Task to carry out => All entries below are to be set down again exactly as given.

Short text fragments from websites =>
▼

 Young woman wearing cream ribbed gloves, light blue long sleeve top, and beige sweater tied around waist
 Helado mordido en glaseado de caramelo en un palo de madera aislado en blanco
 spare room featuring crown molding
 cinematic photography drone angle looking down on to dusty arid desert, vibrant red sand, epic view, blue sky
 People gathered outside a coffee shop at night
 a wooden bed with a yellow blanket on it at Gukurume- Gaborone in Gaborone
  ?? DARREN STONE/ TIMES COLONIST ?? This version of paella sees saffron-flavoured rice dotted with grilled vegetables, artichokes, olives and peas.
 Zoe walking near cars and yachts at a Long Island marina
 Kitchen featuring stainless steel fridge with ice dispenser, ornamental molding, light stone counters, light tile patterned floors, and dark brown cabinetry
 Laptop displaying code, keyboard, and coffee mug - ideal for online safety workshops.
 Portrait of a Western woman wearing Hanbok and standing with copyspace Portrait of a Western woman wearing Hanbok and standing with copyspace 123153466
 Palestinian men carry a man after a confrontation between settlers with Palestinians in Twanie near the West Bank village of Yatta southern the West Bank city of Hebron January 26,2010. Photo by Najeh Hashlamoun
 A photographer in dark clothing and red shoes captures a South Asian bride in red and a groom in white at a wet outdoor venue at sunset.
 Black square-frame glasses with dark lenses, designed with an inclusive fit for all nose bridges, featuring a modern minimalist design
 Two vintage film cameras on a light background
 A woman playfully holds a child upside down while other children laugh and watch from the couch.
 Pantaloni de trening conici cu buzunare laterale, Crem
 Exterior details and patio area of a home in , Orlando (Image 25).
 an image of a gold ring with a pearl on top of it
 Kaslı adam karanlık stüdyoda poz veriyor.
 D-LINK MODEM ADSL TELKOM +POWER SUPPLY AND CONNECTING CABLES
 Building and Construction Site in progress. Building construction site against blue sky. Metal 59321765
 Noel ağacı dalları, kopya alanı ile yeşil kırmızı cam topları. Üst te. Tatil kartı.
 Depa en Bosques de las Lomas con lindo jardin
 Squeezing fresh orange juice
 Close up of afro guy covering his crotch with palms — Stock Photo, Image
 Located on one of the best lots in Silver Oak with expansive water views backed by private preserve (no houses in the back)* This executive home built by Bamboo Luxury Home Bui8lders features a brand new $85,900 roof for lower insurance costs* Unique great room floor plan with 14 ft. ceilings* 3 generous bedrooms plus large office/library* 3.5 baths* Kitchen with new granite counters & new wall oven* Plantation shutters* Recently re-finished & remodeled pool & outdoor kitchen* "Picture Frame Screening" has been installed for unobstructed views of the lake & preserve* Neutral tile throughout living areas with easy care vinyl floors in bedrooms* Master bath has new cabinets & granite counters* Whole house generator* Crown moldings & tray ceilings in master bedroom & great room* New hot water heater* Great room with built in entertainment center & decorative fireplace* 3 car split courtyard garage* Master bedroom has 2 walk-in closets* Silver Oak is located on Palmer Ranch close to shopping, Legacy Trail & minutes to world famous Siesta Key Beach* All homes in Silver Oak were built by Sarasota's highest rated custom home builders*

▲

Response =>
 Young woman wearing cream ribbed gloves, light blue long sleeve top, and beige sweater tied around waist
 Helado mordido en glaseado de caramelo en un palo de madera aislado en blanco
 spare room featuring crown molding
 cinematic photography drone angle looking down on to dusty arid desert, vibrant red sand, epic view, blue sky
 People gathered outside a coffee shop at night
 a wooden bed with a yellow blanket on it at Gukurume- Gaborone in Gaborone
  ?? DARREN STONE/ TIMES COLONIST ?? This version of paella sees saffron-flavoured rice dotted with grilled vegetables, artichokes, olives and peas.
 Zoe walking near cars and yachts at a Long Island marina
 Kitchen featuring stainless steel fridge with ice dispenser, ornamental molding, light stone counters, light tile patterned floors, and dark brown cabinetry
 Laptop displaying code, keyboard, and coffee mug - ideal for online safety workshops.
 Portrait of a Western woman wearing Hanbok and standing with copyspace Portrait of a Western woman wearing Hanbok and standing with copyspace 123153466
 Palestinian men carry a man after a confrontation between settlers with Palestinians in Twanie near the West Bank village of Yatta southern the West Bank city of Hebron January 26,2010. Photo by Najeh Hashlamoun
 A photographer in dark clothing and red shoes captures a South Asian bride in red and a groom in white at a wet outdoor venue at sunset.
 Black square-frame glasses with dark lenses, designed with an inclusive fit for all nose bridges, featuring a modern minimalist design
 Two vintage film cameras on a light background
 A woman playfully holds a child upside down while other children laugh and watch from the couch.
 Pantaloni de trening conici cu buzunare laterale, Crem
 Exterior details and patio area of a home in , Orlando (Image 25).
 an image of a gold ring with a pearl on top of it
 Kaslı adam karanlık stüdyoda poz veriyor.
 D-LINK MODEM ADSL TELKOM +POWER SUPPLY AND CONNECTING CABLES
 Building and Construction Site in progress. Building construction site against blue sky. Metal 59321765
 Noel ağacı dalları, kopya alanı ile yeşil kırmızı cam topları. Üst te. Tatil kartı.
 Depa en Bosques de las Lomas con lindo jardin
 Squeezing fresh orange juice
 Close up of afro guy covering his crotch with palms — Stock Photo, Image
 Located on one of the best lots in Silver Oak with expansive water views backed by private preserve (no houses in the back)* This executive home built by Bamboo Luxury Home Bui8lders features a brand new $85,900 roof for lower insurance costs* Unique great room floor plan with 14 ft. ceilings* 3 generous bedrooms plus large office/library* 3.5 baths* Kitchen with new granite counters & new wall oven* Plantation shutters* Recently re-finished & remodeled pool & outdoor kitchen* "Picture Frame Screening" has been installed for unobstructed views of the lake & preserve* Neutral tile throughout living areas with easy care vinyl floors in bedrooms* Master bath has new cabinets & granite counters* Whole house generator* Crown moldings & tray ceilings in master bedroom & great room* New hot water heater* Great room with built in entertainment center & decorative fireplace* 3 car split courtyard garage* Master bedroom has 2 walk-in closets* Silver Oak is located on Palmer Ranch close to shopping, Legacy Trail & minutes to world famous Siesta Key Beach* All homes in Silver Oak were built by Sarasota's highest rated custom home builders*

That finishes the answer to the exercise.